2

Given a population of [7, 14, 21, 28], I am sampling two data points at a time, calculating the (unbiased) sample variance, averaging the results, and expecting the mean of the results to be an estimate of the population's variance (61.25). But I'm not getting the right answer:

There are 6 equi-probable samples of two data points:

sample sample variance population variance of sample
[7, 14] 24.5 12.25
[7, 21] 98.0 49.0
[7, 28] 220.5 110.25
[14, 21] 24.5 12.25
[14, 28] 98.0 49.0
[21, 28] 24.5 12.25
/ mean = 81.67 mean=40.833 --> multiply that by 3/2 = 61.25

Why isn't the mean of the sample variances equal to the population variance 61.25? And why if I multiply the mean population variance of each sample by 3/2 I get the right population variance?

WalksB
  • 123

1 Answers1

2

Your 2-element samples are without replacement. Bessel-corrected sample variance will be unbiased for samples with replacement, that is, you should be choosing two elements $x_1$ and $x_2$ independently from the population.

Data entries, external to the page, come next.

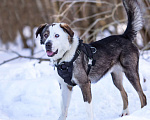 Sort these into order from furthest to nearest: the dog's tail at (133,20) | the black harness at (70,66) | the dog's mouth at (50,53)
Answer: the dog's tail at (133,20) < the black harness at (70,66) < the dog's mouth at (50,53)

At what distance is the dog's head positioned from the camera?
13.2 ft

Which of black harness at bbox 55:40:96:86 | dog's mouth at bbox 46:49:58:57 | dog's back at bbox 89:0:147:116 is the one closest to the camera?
dog's mouth at bbox 46:49:58:57

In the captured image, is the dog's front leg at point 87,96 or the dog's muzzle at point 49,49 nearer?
the dog's muzzle at point 49,49

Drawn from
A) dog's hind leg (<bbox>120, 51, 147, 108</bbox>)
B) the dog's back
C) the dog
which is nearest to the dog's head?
the dog

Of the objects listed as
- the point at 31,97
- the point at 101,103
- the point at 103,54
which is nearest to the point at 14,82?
the point at 31,97

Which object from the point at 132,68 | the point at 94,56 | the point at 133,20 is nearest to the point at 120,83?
the point at 132,68

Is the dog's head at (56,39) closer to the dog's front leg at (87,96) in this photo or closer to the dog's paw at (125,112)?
the dog's front leg at (87,96)

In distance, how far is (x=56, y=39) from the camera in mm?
4082

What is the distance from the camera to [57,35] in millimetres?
4109

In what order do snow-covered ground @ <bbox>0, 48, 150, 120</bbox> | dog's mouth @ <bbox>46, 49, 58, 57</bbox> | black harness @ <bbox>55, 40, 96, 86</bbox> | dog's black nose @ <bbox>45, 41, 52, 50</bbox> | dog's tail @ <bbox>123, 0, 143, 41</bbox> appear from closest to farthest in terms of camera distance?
→ dog's black nose @ <bbox>45, 41, 52, 50</bbox> < dog's mouth @ <bbox>46, 49, 58, 57</bbox> < black harness @ <bbox>55, 40, 96, 86</bbox> < dog's tail @ <bbox>123, 0, 143, 41</bbox> < snow-covered ground @ <bbox>0, 48, 150, 120</bbox>

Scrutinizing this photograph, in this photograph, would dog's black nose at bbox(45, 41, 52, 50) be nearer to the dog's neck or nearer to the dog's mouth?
the dog's mouth

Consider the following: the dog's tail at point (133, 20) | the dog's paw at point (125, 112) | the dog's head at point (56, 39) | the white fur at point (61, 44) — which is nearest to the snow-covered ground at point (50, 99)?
the dog's paw at point (125, 112)

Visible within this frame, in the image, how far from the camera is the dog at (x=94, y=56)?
13.7ft

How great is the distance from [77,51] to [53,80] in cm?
210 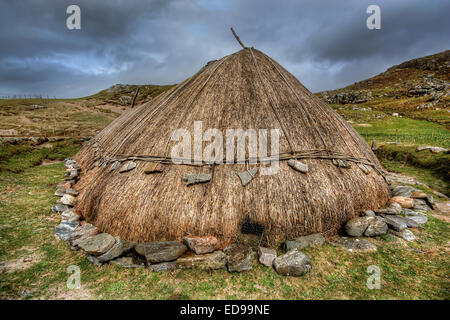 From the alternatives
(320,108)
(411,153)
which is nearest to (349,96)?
(411,153)

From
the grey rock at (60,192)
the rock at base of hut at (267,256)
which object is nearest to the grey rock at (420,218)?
the rock at base of hut at (267,256)

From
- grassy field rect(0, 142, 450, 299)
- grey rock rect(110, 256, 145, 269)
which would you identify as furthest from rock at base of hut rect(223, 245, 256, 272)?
grey rock rect(110, 256, 145, 269)

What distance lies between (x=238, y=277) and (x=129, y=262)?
288 centimetres

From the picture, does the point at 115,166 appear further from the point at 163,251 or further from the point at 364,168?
the point at 364,168

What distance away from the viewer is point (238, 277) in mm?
5020

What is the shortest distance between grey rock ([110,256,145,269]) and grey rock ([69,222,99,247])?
1.38m

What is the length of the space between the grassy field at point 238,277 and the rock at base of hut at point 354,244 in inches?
6.9

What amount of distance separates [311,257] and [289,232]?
2.71 feet

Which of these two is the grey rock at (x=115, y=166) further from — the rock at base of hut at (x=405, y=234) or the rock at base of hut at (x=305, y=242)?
the rock at base of hut at (x=405, y=234)

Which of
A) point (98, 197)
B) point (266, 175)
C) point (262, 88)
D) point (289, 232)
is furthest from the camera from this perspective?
point (262, 88)

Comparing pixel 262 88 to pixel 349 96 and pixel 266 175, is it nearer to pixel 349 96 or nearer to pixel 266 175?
pixel 266 175

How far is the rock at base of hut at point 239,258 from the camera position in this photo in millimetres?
5125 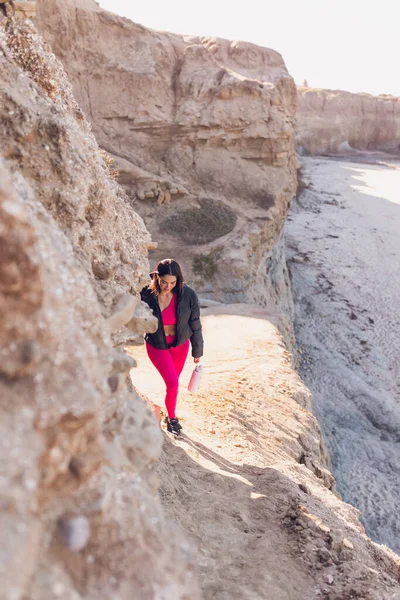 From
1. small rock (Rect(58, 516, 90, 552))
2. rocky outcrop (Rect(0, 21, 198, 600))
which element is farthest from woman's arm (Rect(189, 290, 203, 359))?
small rock (Rect(58, 516, 90, 552))

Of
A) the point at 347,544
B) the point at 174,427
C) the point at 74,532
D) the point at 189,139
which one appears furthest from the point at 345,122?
Result: the point at 74,532

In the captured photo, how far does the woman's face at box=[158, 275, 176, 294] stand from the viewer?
3.79 meters

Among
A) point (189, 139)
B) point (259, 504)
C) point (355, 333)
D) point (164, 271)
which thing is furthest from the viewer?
point (189, 139)

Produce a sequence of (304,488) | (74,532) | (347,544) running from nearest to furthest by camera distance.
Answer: (74,532), (347,544), (304,488)

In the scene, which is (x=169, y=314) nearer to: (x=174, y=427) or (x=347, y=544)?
(x=174, y=427)

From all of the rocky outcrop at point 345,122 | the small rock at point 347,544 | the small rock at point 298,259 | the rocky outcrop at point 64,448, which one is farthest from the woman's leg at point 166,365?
the rocky outcrop at point 345,122

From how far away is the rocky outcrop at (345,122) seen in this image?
1521 inches

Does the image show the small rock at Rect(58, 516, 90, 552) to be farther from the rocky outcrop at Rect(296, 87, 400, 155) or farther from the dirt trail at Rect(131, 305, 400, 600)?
the rocky outcrop at Rect(296, 87, 400, 155)

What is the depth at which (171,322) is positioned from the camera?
162 inches

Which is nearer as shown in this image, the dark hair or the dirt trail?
the dirt trail

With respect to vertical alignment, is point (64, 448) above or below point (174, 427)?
above

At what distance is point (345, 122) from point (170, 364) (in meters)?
39.7

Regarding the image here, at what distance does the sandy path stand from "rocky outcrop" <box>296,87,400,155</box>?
1443cm

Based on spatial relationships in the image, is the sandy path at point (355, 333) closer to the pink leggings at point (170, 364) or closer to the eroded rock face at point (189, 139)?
the eroded rock face at point (189, 139) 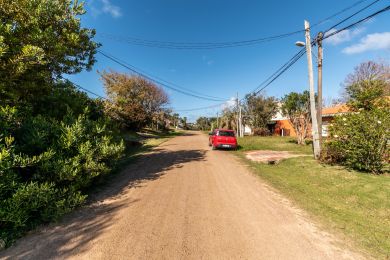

Most importantly, you are missing the samples $[7,7], [14,14], [21,21], [28,28]$. They would have sample variance $0$. Since you are missing these zeros, your average sample variance is too large.

Include them, and also include the samples where $x_1>x_2$ (like $[14,7]$), and behold, your average sample variance is $61.25$.

As to the magnitude of the error: With replacement you have $16$ different samples. You were missing the $4$ that have zero sample variance. (You were also not considering the $x_1>x_2$ samples, but that does not matter here because of symmetry.) So you were overestimating the population variance by a factor of $16/12 = 4/3$. This checks out: your $81\frac{2}{3}$ is $(4/3) \times 61.25$.

As to the "population variances" (really: uncorrected sample variances) in the rightmost column: They have an additional bias (yes, the well-known bias of uncorrected sample variances), indeed they are too small by a factor of $(n-1)/n = 1/2$, where $n=2$ is the sample size. Compounding these two errors, their average is wrong by a factor of $(4/3) \cdot (1/2) = 2/3$. Which explains why multiplying by $3/2$ fixes both errors.